Task requirements: Word for word, copy the lines beginning at the one with "Visão da janela" and ending at the last line below; pictures stay out.

□ □ □ □ □ □ □

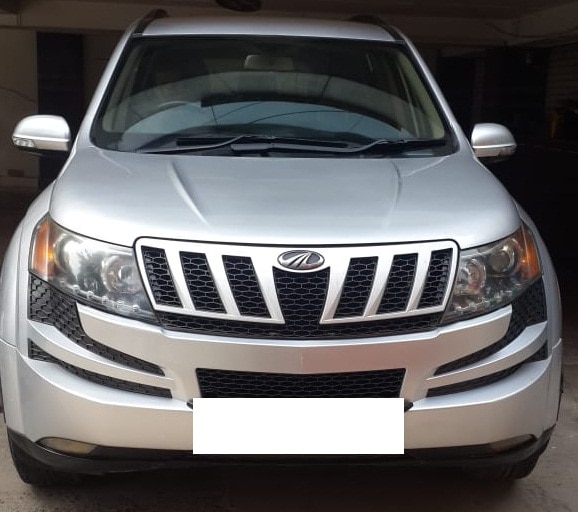 2012 Mahindra XUV500 W8, 62,000Kms (Driven Genuine kilometer), Silver color, DL number, Single owner, Well maintained car in good condition, Finance facility available, Just like new.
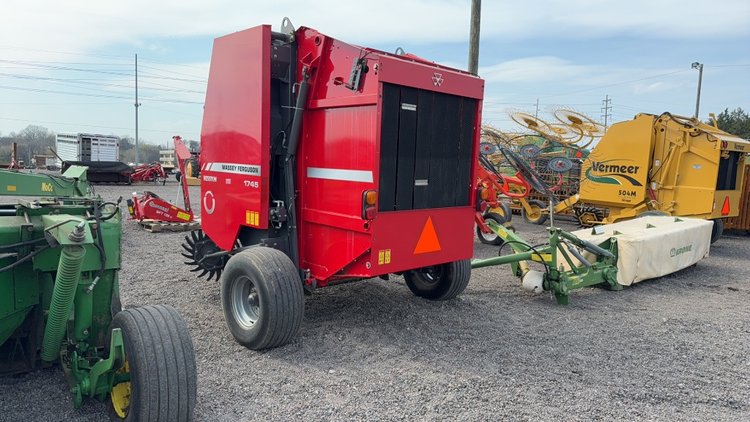 Image for MASSEY FERGUSON 1745 ROUND BALER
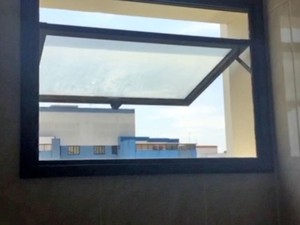 Visão da janela do banheiro em um apartamento igual ao daquele em que o garoto Gustavo morava (Foto: Reprodução/TV Globo)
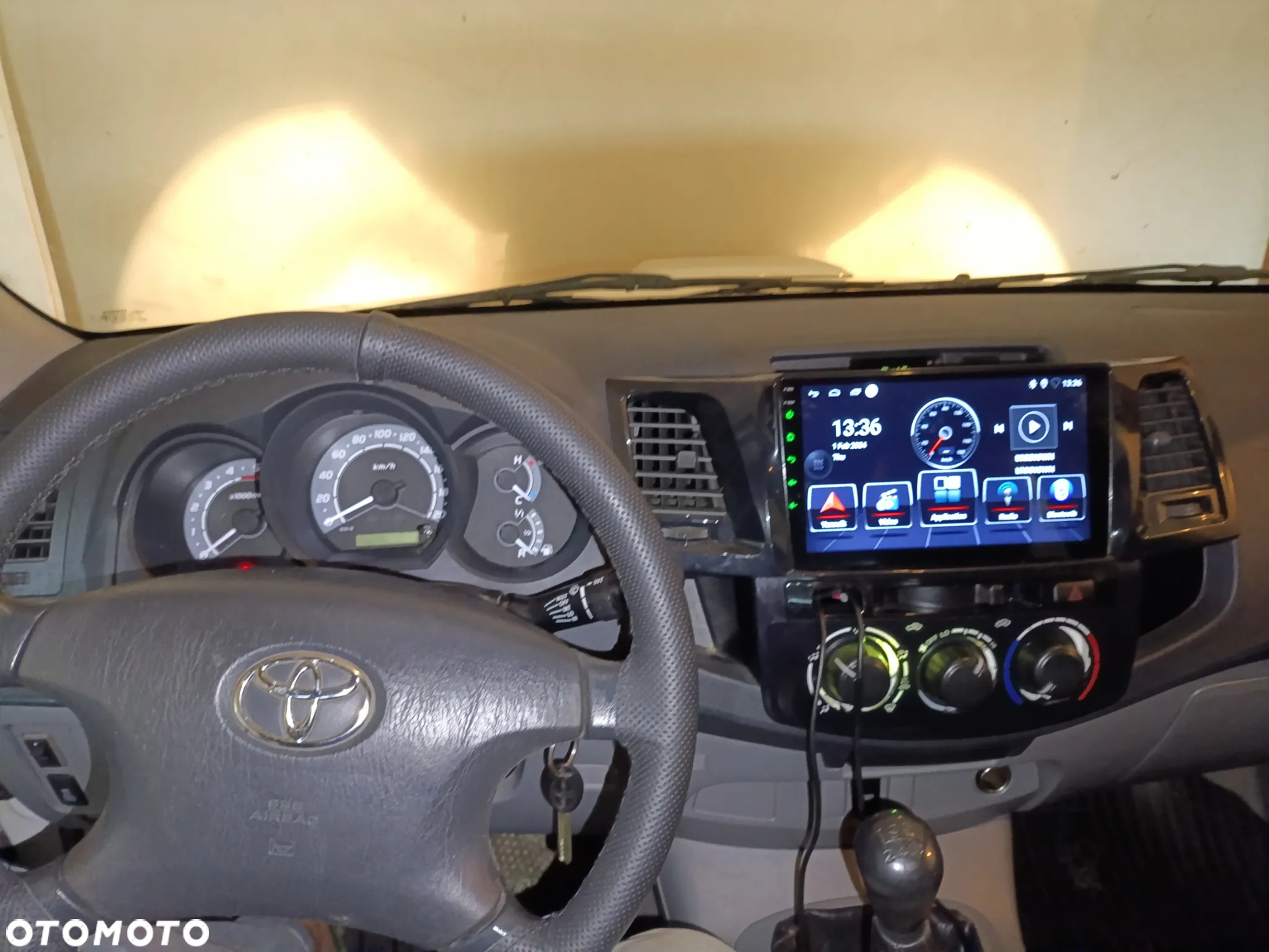 Toyota Hilux 2.5 D-4D DLX + 2os 4x2 - 14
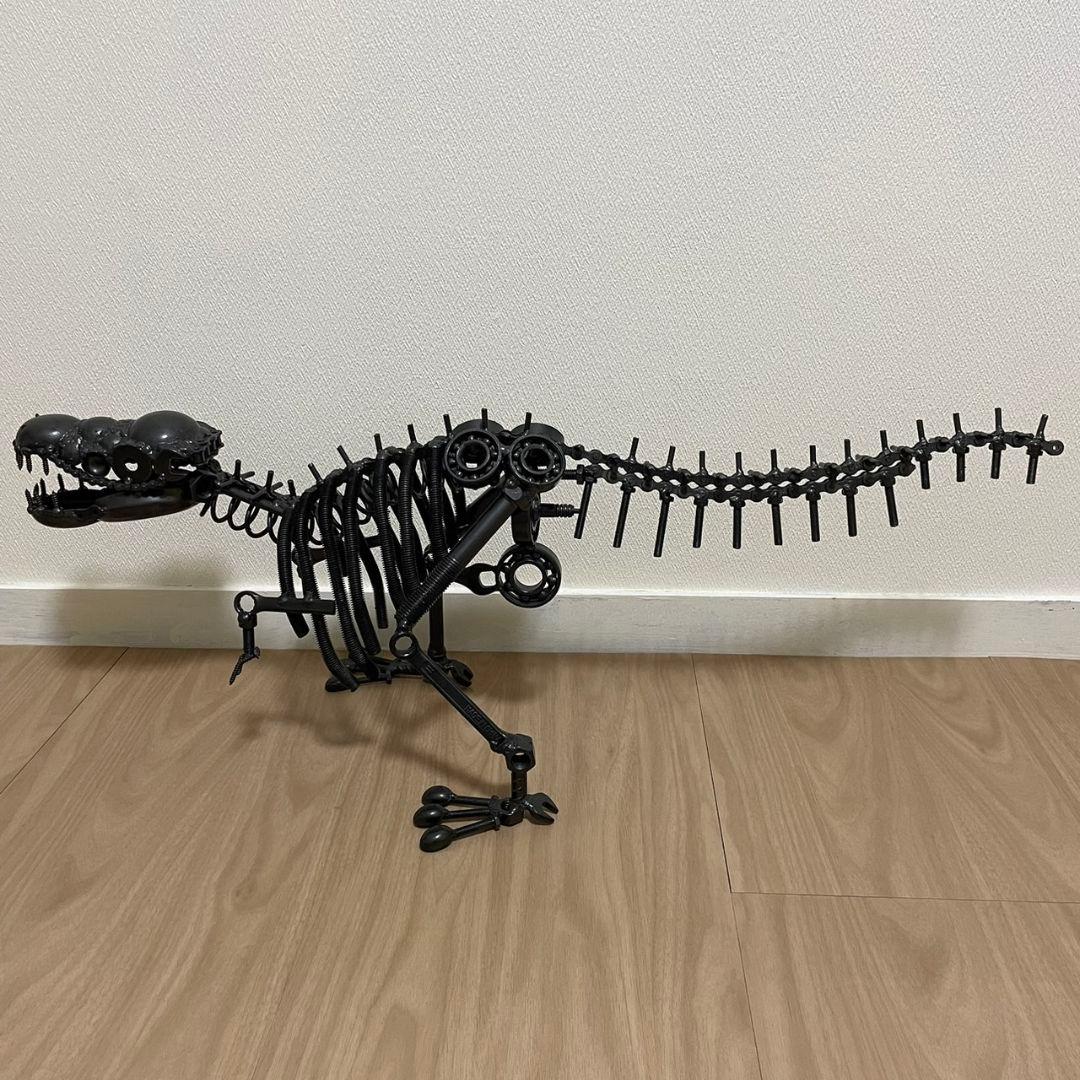 【美品/匿名配送】恐竜(大)　メタルアート　廃材アート　ボルト・ナットアート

□ □ □ □ □ □ □

Answer area:
 Visão da janela do banheiro em um apartamento igual ao daquele em que o garoto Gustavo morava (Foto: Reprodução/TV Globo)
 Toyota Hilux 2.5 D-4D DLX + 2os 4x2 - 14
 【美品/匿名配送】恐竜(大)　メタルアート　廃材アート　ボルト・ナットアート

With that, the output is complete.